Obesity causes poorer health, which in turn translates into higher medical and health care costs. For example, the obese are more likely to suffer from ailments such as hypertension, diabetes, heart disease and stroke. On top of that, there are also other ways in which obese people have to, quite literally, pay the price for their size. A recent Newsweek article published in August 2008 has outlined five main ways in which obesity results in tangible financial costs.

Financial Costs of Obesity

According to the Centers for Disease Control and Prevention (CDC), people being overweight, as well as the related health problems of obesity, put a significant economic strain on the US health care system.

Broadly speaking, being overweight or obese involves direct and indirect costs. The former includes preventive, diagnostic and treatment services, while the latter includes morbidity costs and mortality costs. Mortality costs measure the value of future income which is lost because of premature death, while morbidity costs take into account the value of income lost because of factors such as bed days, restricted activity, absenteeism, as well as decreased productivity.

Using data from the 1998 Medical Expenditure Panel Survey (MEPS) and the National Health Interview Surveys (NHIS) of 1996 and 1997, a study had found that medical costs relating to being overweight or obese formed 9.1% of the total medical expenditure in the US in 1998, a figure which could have been as much as US$78.5b. This translates to about US$92.6b in 2002 dollars. Medicaid and Medicare paid for about half of the amount.

Here are five ways in which obese people have to bear the financial consequences for their condition.

1. Higher Medical Costs

The most direct and obvious financial cost of being obese is, of course, higher medical costs. “The Fattening of America” by Eric Finkelstein and Laurie Zuckerman estimates that an overweight male’s annual medical cost is $170 more than one who is lighter, while the corresponding figure for females is $495.

In addition, hospitals incur higher costs in treating obese patients. For example, an oversized wheelchair can cost about $2,500, which is a whopping eight times the cost of a normal one. Also, an operating table which is sturdy enough to take the weight of a severely obese person can cost $30,000.

2. Lower Average Income

According to a study conducted at Stanford University, obese men and women earned an average income which was $3.41 per hour lower than their peers. This adds up to over $7,000 a year.

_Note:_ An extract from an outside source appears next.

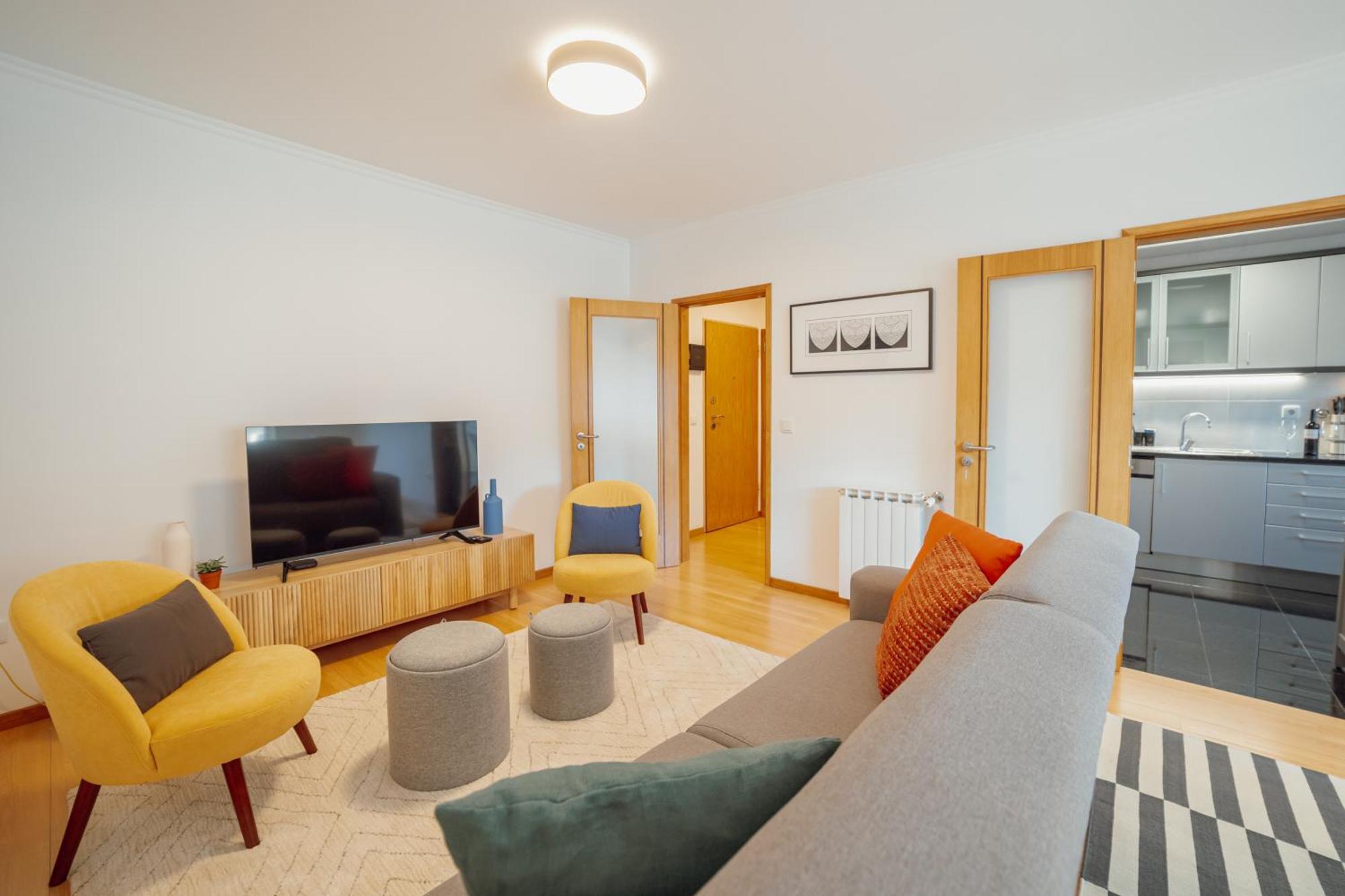 Boavista Premium By Hosty Apartment *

The income gap was found to be smaller when comparing young workers, although it gets bigger over time.

It is a possibility that this difference may be partly linked to higher health care costs – researchers said that employers have a tendency pay less to obese workers while footing their insurance bills. It could thus be a subconscious reaction by employers for having to pay higher insurance premiums for heavier employees.

3. Loss of Work Hours

According to the National Institute of Diabetes and Digestive and Kidney Diseases, an obese worker tends to lose, on average, about a week of work every year, because of health conditions which are related to them being overweight.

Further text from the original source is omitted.